虫の種類がなんであれ、反射的に「食べてほしくない」と考えてしまうのは私も同じです。

しかし、なんとなんとイギリスのペット用品会社が虫を主原料にしたドッグフードを開発しました。

――昆虫食は地球を救う。
この2~3年でそんなフレーズを耳にすることが増えてきましたが、どこか他人事だったこの発想が、昆虫由来のドッグフード出現により、俄然現実味を帯びてきたような・・・。

世界の肉や魚の消費量のうち20%がペットフード

なんでも、世界中で消費されている肉や魚の20%がペットフードなのだとか。
つまり、世界の人口が激増しつつあるいま、ペットフードを肉や魚以外の何かで代用することができたら、近未来に直撃するであろう食糧問題の何割かを解決できるかもしれない。
これが、昆虫を原材料としたドッグフードの出発点なのだそうです。

まあ机上の理論として、そういうことはあり得るだろうとは思うのですが、では現実的にどうかと問われたら、「う~ん」と唸りたくのが本音ではないでしょうか。
しかし、そこをきちんと商品開発してしまったのがイギリスのYoraというペット用品会社です。

プレミアムフードに一石を投じた会社創設者の発想

Yora社の創業者が考えたこと。
それは・・・
「ヒューマングレードのペットフードが素晴らしい製品であることは間違いないが、地球温暖化や食糧資源の減少に直面したいま、私たちはペットに高級な肉を与える必要があるのでしょうか

愛犬は家族。
そういう概念が浸透し、いまやプレミアムドッグフードの原材料には当たり前のようにヒューマングレード、すなわち私たち飼い主が食べている肉類と同等の品質が使われるようになりました。
このYora社創業者の考え方は、まさしくそんな状況に一石を投じているわけですね。

とは言え、この創業者の考え方は、「だからペットには質の悪い肉類で充分」などという安易なものではありません。
ヒューマングレードと呼ばれる高級な肉類に引けを取らない、安価で高品質なタンパク質はないのか?
その結果導き出されたのが「ハエの幼虫」――すなわち蛆虫(うじむし)だったのです。

食用に開発された特別なハエ……というわけではない

ドッグフードの原材料になっているのは、アメリカミズアブというハエ目ミズアブ科の昆虫です。

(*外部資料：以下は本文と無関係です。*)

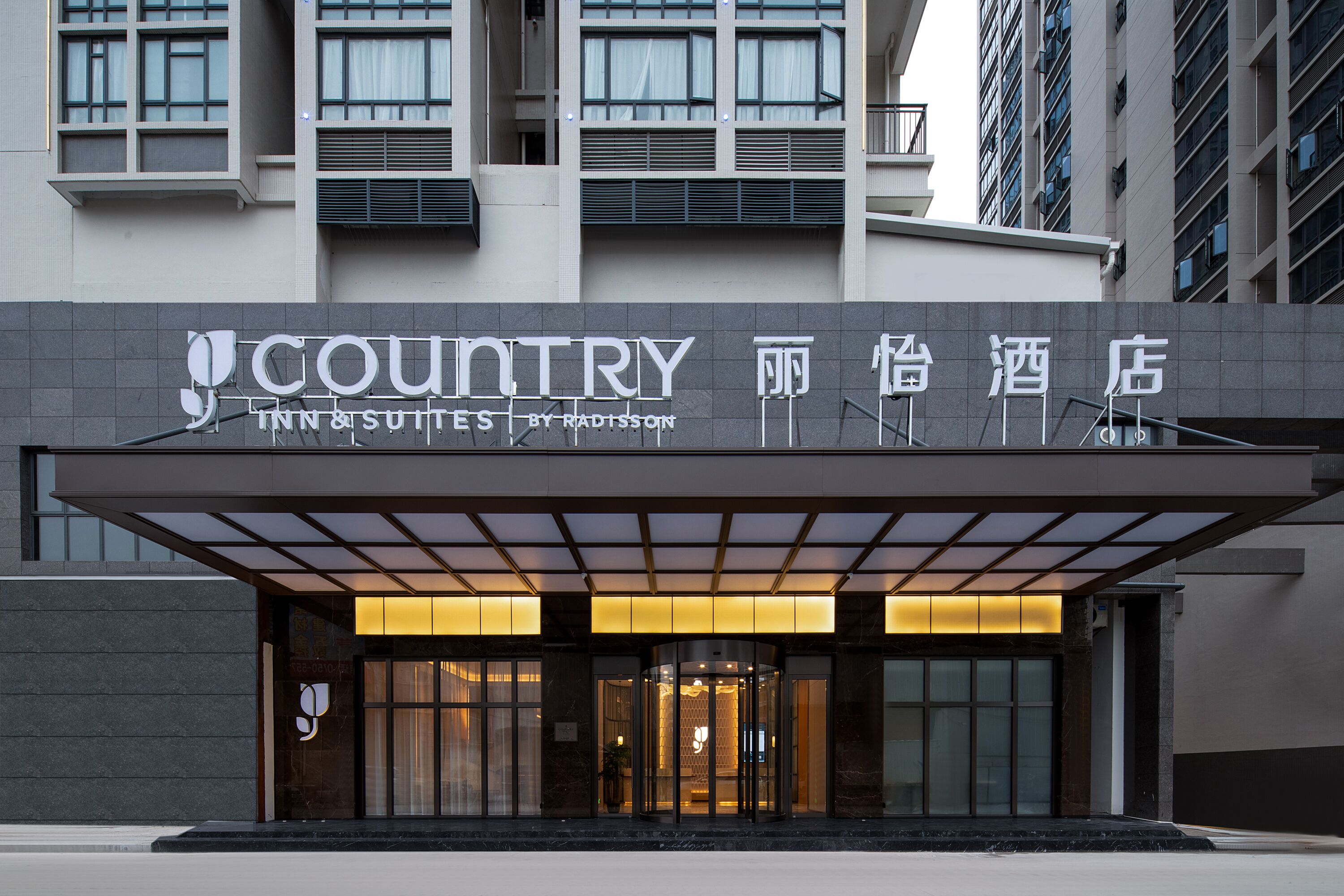 A hotel entrance with a modern design, featuring a sign for 'Country Inn & Suites by Radisson' and Chinese characters.
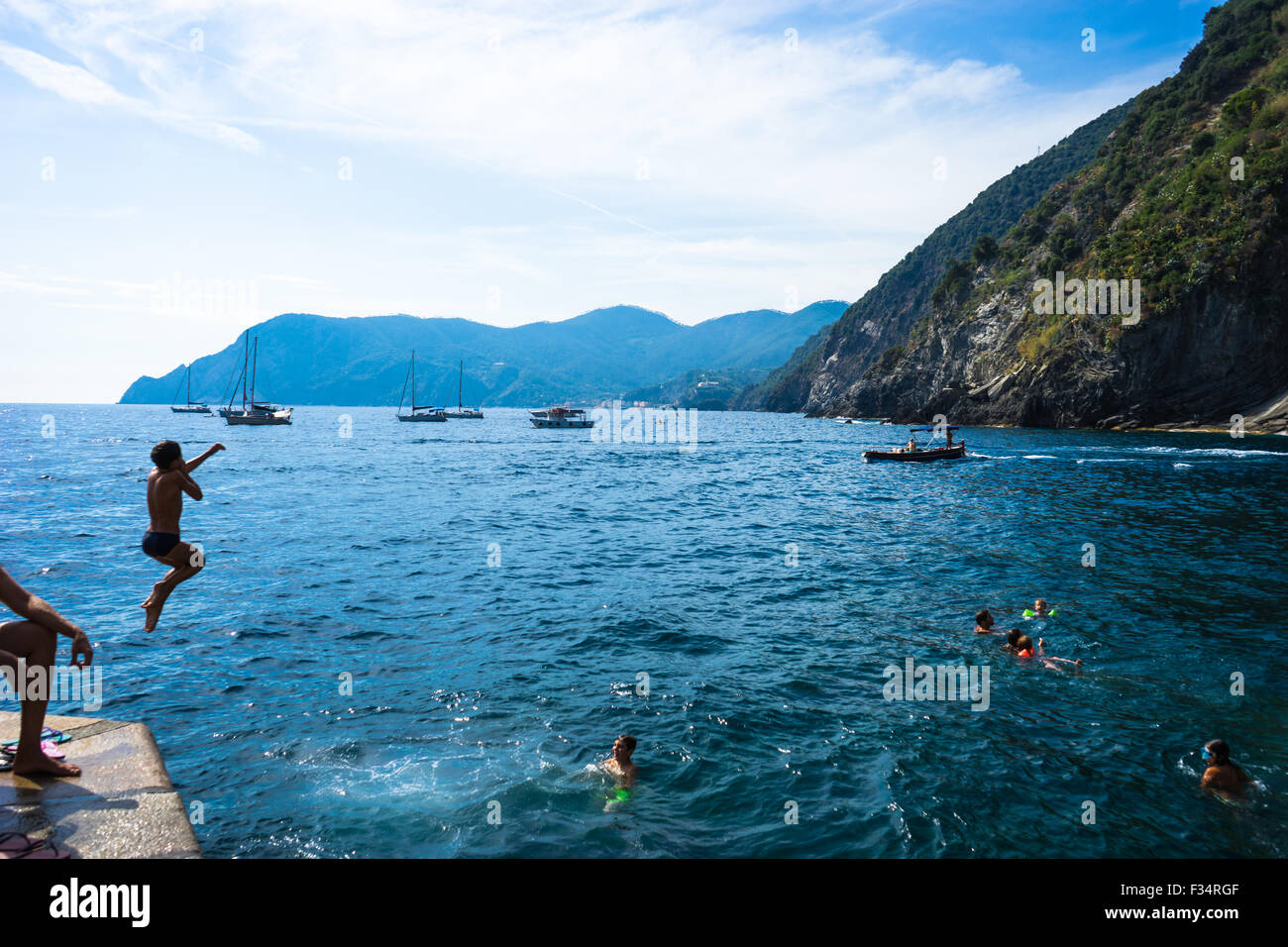 A boy jumps off the dock while friends swim at Vernazza in Italy's CInque Terre. Stock Photo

――ハエの幼虫といっても、食用に開発された特別なハエで、日本にはいない種類ですよね?
もしもそう思った人がいらっしゃったら、ゴメンナサイ。
アメリカミズアブの原産地は北米や中米ですが、日本には1950年頃に侵入してきていて、本州、四国、九州、そして沖縄で自然繁殖しているんですよね。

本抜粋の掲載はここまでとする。